Hiroshi Motomura

Title: Professor
Department: Law
Email: motomura@law.ucla.edu

Current Project(s):

  • Officially, I am the Susan Westerberg Prager Distinguished Professor of Law at the UCLA School of Law, where I teach immigration law, immigrants’ rights, and civil procedure (less frequently). I’ve been at UCLA since 2007, and before that I was a member of the law faculties at the University of North Carolina, Chapel Hill, and the University of Colorado, Boulder. I’ve written widely on a variety of immigration and citizenship law topics, including the constitutional law of immigration (in many law review articles), the relationship between migration and citizenship (especially in Americans in Waiting, Oxford Univ. Press 2006), and unauthorized migration (especially in Immigration Outside the Law, Oxford Univ.
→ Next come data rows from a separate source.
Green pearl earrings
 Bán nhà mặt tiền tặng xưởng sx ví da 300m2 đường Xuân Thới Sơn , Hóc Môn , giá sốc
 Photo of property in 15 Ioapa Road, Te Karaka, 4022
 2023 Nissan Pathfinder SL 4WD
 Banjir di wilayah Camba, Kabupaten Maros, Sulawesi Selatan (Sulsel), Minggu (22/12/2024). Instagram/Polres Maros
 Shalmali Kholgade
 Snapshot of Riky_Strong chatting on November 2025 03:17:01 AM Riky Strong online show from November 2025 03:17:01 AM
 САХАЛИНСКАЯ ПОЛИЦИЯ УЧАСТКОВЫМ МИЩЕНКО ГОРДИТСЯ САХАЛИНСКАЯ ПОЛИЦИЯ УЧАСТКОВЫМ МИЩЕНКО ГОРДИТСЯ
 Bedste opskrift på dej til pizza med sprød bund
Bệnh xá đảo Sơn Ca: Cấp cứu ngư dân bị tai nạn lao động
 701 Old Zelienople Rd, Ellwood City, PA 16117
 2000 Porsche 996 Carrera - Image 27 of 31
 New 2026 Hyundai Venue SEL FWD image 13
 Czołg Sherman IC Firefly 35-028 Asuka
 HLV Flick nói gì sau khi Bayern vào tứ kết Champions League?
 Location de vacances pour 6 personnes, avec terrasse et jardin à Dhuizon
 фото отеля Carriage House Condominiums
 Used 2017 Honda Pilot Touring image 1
Press 2014). I’ve also recently published law review articles on DACA and on “sanctuary” jurisdictions.
  • My current scholarly project has the working title, The New Migration Law. It is a book that connects four inquiries: (1) are immigrants’ rights a form of civil rights, and what are the advantages and limits of this framing?; (2) how are immigration law, human rights, and refugee protection related to each other, and what does this clustering prioritize or neglect?; (3) how is migration related to international trade and development, and how does that relationship affect the connections between migration and citizenship?; and (4) how is economic inequality in migrant-receiving countries relevant to migration policy, including the civil rights framework that is the focus of Part 1?

Available Publications/Books:

  • Immigration Outside the Law. Oxford University Press (2014).
  • Americans In Waiting: The Lost Story of Immigration and Citizenship in the United States. Oxford University Press (2006).